3. The wire saw slurry according to claim 1, wherein the film forming substance includes phosphate.

4. The wire saw slurry according to claim 3, wherein the phosphate includes potassium dihydrogen phosphate.

5. The wire saw slurry according to claim 1, wherein the chelating agent includes EDTA (ethylene diamine tetraacetic acid).

6. The wire saw slurry according to claim 1, wherein the chelating agent includes diethylene triamine pentaacetic acid.

7. The wire saw slurry according to claim 1 wherein the dispersing medium comprises a glycol system dispersing medium.

8. The wire saw slurry according to claim 3, wherein the dispersing medium comprises a glycol system dispersing medium.

9. The wire saw slurry according to claim 5, wherein the dispersing medium comprises a glycol system dispersing medium.

10. The wire saw slurry according to claim 6, wherein the dispersing medium comprises a glycol system dispersing medium.

11. The wire saw slurry according to claim 1, wherein the dispersing medium comprises a mineral oil system dispersing medium.

12. The wire saw slurry according to claim 3, wherein the dispersing medium comprises a mineral oil system dispersing medium.

13. The wire saw slurry according to claim 5, wherein the dispersing medium comprises a mineral oil system dispersing medium.

14. The wire saw slurry according to claim 6, wherein the dispersing medium comprises a mineral oil system dispersing medium.

15. The wire saw slurry according to claim 2, wherein the film forming substance includes phosphate.

16. The wire saw slurry according to claim 2, wherein the chelating agent includes EDTA (ethylene diamine tetraacetic acid).

17. The wire saw slurry according to claim 2, wherein the chelating agent includes diethylene triamine pentaacetic acid.

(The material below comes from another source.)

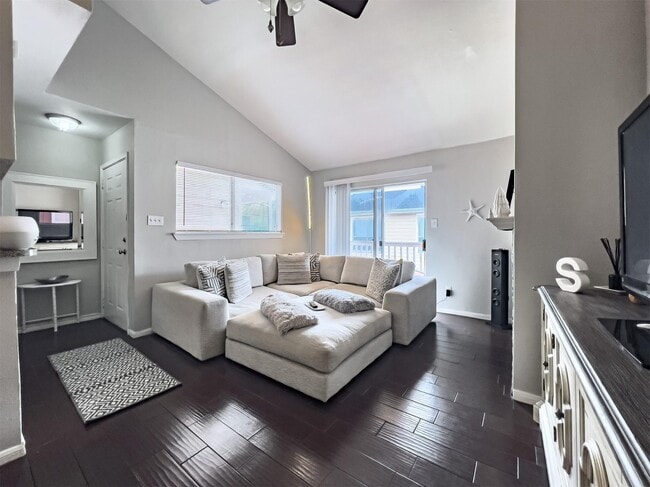 Building Photo - 3506 Cove View Blvd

18. The wire saw slurry according to claim 2, wherein the dispersing medium comprises a glycol system dispersing medium.

19. The wire saw slurry according to claim 4, wherein the dispersing medium comprises a glycol system dispersing medium.

20. The wire saw slurry according to claim 2, wherein the dispersing medium comprises a mineral oil system dispersing medium.

21. The wire saw slurry according to claim 4, wherein the dispersing medium comprises a mineral oil system dispersing medium.